I could not fathom why director Paul Greengrass would employ a camera style that bounced around so wildly that to see what was going on became an exercise in patience and concentration.

Greengrass is nevertheless a great director; last year’s September 11 biopic, United 93, proved that (and certainly redeemed him in my eyes) but as the release date for the third and final Bourne film approached I wondered if he would bring anything new to the franchise.

Sadly, there isn’t much to say about The Bourne Ultimatum: If you’ve seen The Bourne Supremacy then you’ve seen the latest effort from Matt Damon and company. The closing chapter in The Bourne Trilogy is a direct continuation of its predecessor (picking up after the concluding chase sequence in Supremacy) and hurtles along at the same pace and with the same frenetic (shaky) energy. Jason Bourne (Matt Damon) is, as always, on the run and the CIA is once again trying to kill him in attempt to cover up the past that created him. Not much has changed.
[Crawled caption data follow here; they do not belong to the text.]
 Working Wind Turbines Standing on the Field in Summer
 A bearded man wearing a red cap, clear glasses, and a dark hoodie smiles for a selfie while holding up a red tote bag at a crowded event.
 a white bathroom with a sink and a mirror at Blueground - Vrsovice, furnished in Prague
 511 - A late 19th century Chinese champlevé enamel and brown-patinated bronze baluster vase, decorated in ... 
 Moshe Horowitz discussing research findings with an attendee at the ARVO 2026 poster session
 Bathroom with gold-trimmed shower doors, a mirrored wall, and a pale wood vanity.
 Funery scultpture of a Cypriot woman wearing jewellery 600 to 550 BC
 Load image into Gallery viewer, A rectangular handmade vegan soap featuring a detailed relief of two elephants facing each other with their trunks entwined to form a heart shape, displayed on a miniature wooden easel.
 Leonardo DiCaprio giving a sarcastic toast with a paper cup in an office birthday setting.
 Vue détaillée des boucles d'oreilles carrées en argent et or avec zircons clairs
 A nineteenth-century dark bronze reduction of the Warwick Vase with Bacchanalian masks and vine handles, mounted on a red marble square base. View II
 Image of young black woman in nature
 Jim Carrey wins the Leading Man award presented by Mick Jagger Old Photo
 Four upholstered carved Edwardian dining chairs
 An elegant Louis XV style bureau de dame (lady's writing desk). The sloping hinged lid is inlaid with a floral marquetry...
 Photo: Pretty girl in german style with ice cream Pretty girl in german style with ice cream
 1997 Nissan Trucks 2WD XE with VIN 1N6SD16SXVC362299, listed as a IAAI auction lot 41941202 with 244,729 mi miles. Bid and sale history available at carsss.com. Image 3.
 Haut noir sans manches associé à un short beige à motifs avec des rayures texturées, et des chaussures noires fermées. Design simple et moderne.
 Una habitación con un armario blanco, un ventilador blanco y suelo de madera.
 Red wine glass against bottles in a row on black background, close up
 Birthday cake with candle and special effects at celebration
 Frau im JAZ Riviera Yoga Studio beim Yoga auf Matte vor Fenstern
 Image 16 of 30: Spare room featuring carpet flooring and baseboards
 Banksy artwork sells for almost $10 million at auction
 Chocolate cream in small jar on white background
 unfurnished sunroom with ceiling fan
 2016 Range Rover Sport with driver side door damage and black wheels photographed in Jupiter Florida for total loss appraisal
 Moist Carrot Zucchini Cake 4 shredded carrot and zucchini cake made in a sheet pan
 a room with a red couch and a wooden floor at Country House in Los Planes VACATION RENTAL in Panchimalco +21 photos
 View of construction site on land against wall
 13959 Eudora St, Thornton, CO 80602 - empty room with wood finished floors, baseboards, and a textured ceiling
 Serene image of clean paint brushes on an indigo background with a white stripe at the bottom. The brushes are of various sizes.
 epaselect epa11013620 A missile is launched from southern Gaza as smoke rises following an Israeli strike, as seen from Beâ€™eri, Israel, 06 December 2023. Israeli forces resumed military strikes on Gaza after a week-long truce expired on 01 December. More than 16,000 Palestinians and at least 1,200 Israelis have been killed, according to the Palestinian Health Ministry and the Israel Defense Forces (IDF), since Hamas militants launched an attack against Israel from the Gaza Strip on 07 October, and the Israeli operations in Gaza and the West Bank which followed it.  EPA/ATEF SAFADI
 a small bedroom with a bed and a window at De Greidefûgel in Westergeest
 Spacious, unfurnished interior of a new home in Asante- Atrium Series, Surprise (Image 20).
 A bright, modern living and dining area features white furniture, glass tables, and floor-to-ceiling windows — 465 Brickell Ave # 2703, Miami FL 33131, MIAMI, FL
There is certainly more restraint on the part of Greengrass when it comes to the visuals. The handheld approach to camera work is still evident but seems to have been considerably toned down. Things do still get wildly shaky, once again often obscuring the action, but nowhere near as badly as they did in Supremacy. I was hoping for a complete change in style but this was not meant to be.

That said, Greengrass does craft some fantastic chase sequences (on foot and in vehicles) that will make you smile because of their inventiveness and Bourne’s quick thinking. However, these are so packed on top of each other that you, as an audience member, are given little room to appreciate what you have seen before the next chase begins. Some might argue that this is the whole point of an action movie – especially one with Jason Bourne in it – but I’d counter that it actually detracts from the overall impact of the film because it provides no breathing room.

Matt Damon, along with his fellow cast mates, goes through the motions in a robotic manner that not only indicates that he has played the Jason Bourne character before but that the franchise is stale. This is no fault of Damon’s however, but rather a script that is so focused on thrills that it forgets to tie up its loose ends in a convincing and rewarding manner.

The whole plotline is rather ‘wishy-washy’ and the origin of Jason Bourne is weak when you consider that you’ve sat through two previous adventures in order to get to a conclusion. The reveal – if you can even call it that – about Bourne’s past is tepid and nowhere near as involving as it should have been.

The Bourne Ultimatum is strong in the action department but weak in terms of story. Its only redeeming quality is that it brings to an end a film franchise that started off well but descended into mediocrity. Personally, I’m glad to see the last of Jason Bourne.